§ Data for analysis
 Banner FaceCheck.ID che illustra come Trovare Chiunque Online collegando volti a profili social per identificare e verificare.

==

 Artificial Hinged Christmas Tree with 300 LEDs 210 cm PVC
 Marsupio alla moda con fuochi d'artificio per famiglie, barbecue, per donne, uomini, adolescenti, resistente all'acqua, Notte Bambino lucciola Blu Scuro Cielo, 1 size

* * *

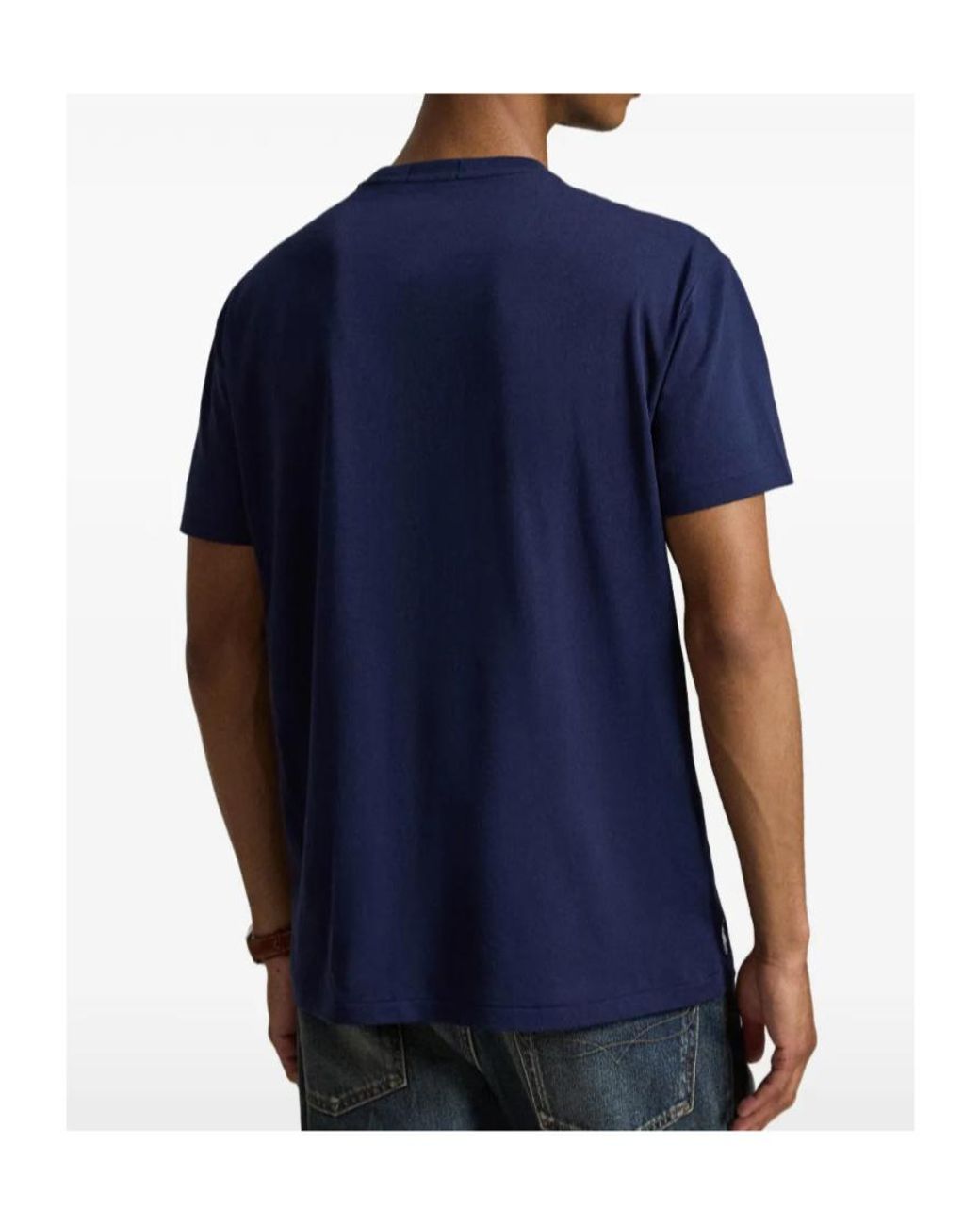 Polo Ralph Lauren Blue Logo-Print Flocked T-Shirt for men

§ Task statement
All lines above between those holding "Artificial Hinged Christmas" and "Marsupio alla moda", inclusive, must be set down unchanged, and no other line may be included.

§ Task response
 Artificial Hinged Christmas Tree with 300 LEDs 210 cm PVC
 Marsupio alla moda con fuochi d'artificio per famiglie, barbecue, per donne, uomini, adolescenti, resistente all'acqua, Notte Bambino lucciola Blu Scuro Cielo, 1 size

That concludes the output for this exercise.